*HOW TO COMPLETE THIS TASK*
Among the entries below, retype exactly the lines starting with the one with "You're watching SpongeBob" and going on through the one with "Hey guys, I'm", but not the pictures.

*RECORDS PROVIDED*
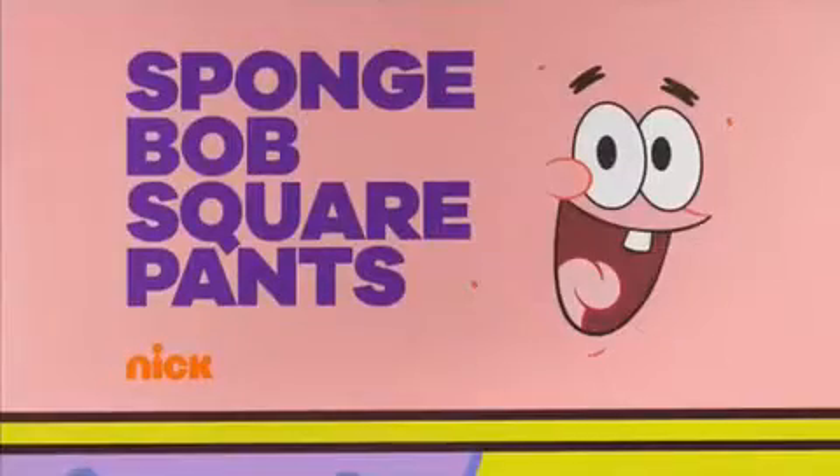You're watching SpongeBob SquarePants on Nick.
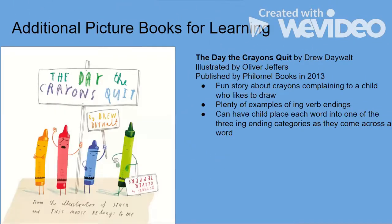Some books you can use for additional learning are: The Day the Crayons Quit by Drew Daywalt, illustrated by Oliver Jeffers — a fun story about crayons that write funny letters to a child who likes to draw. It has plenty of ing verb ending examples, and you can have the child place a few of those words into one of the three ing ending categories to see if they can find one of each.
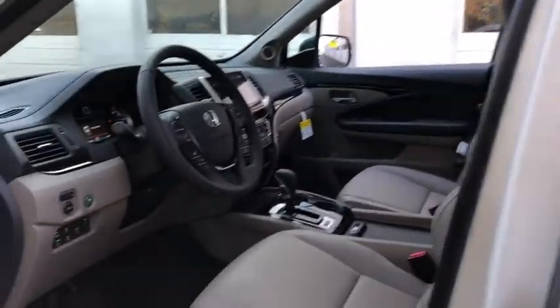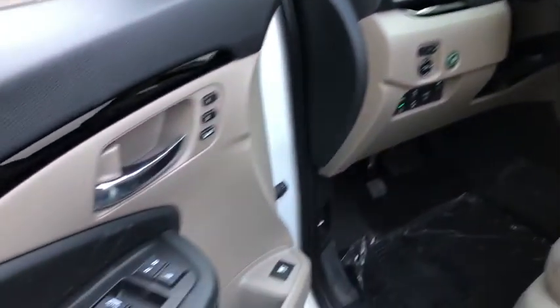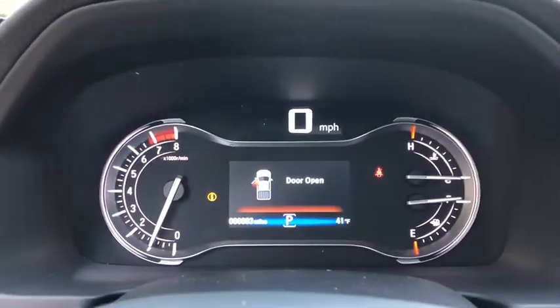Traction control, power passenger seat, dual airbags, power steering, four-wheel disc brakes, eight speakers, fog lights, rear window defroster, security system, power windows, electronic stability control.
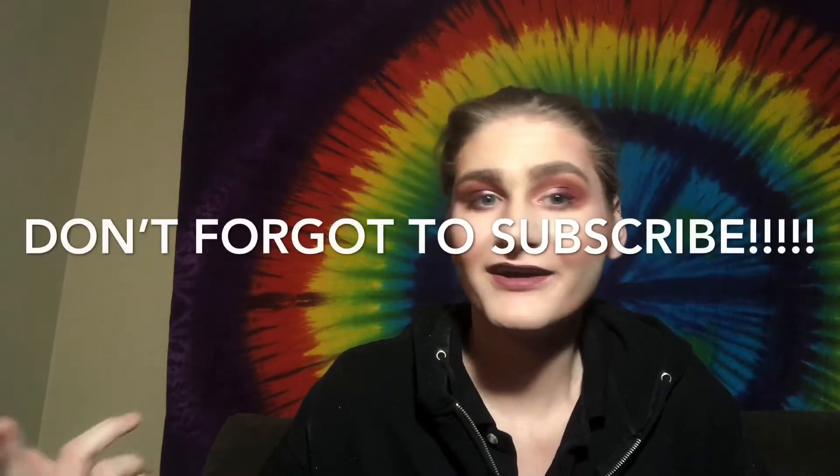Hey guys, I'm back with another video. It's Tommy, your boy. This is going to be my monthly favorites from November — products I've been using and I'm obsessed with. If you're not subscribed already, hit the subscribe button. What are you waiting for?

==

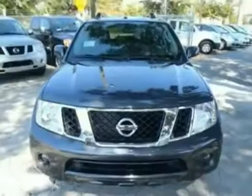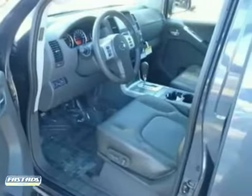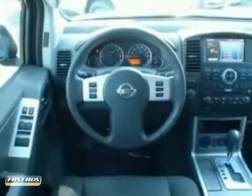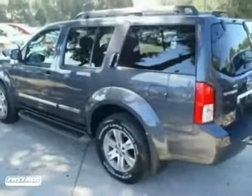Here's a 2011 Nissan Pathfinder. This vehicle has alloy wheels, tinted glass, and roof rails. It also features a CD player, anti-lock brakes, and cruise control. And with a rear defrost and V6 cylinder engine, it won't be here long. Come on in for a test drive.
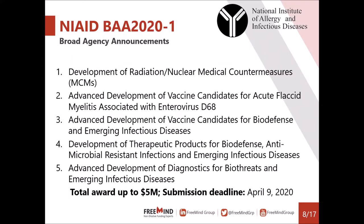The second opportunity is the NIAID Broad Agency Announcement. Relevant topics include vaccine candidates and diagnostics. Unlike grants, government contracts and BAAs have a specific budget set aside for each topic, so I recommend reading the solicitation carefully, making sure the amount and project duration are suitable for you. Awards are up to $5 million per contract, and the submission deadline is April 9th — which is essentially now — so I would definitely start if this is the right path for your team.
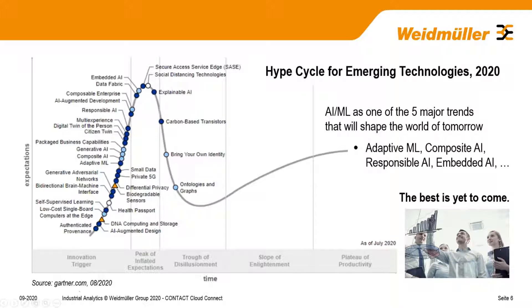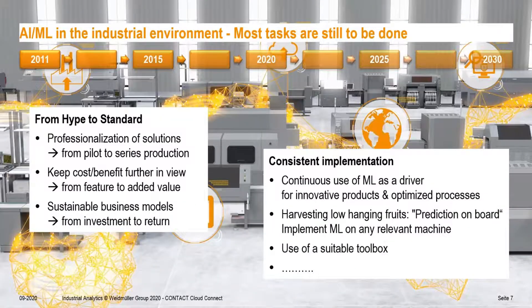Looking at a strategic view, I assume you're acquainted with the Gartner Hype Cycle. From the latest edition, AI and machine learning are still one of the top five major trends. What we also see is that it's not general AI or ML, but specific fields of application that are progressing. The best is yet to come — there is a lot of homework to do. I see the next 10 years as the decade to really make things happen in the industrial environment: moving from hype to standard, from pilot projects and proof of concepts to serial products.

*RESPONSE BELOW*
You're watching SpongeBob SquarePants on Nick.
Some books you can use for additional learning are: The Day the Crayons Quit by Drew Daywalt, illustrated by Oliver Jeffers — a fun story about crayons that write funny letters to a child who likes to draw. It has plenty of ing verb ending examples, and you can have the child place a few of those words into one of the three ing ending categories to see if they can find one of each.
Traction control, power passenger seat, dual airbags, power steering, four-wheel disc brakes, eight speakers, fog lights, rear window defroster, security system, power windows, electronic stability control.
Hey guys, I'm back with another video. It's Tommy, your boy. This is going to be my monthly favorites from November — products I've been using and I'm obsessed with. If you're not subscribed already, hit the subscribe button. What are you waiting for?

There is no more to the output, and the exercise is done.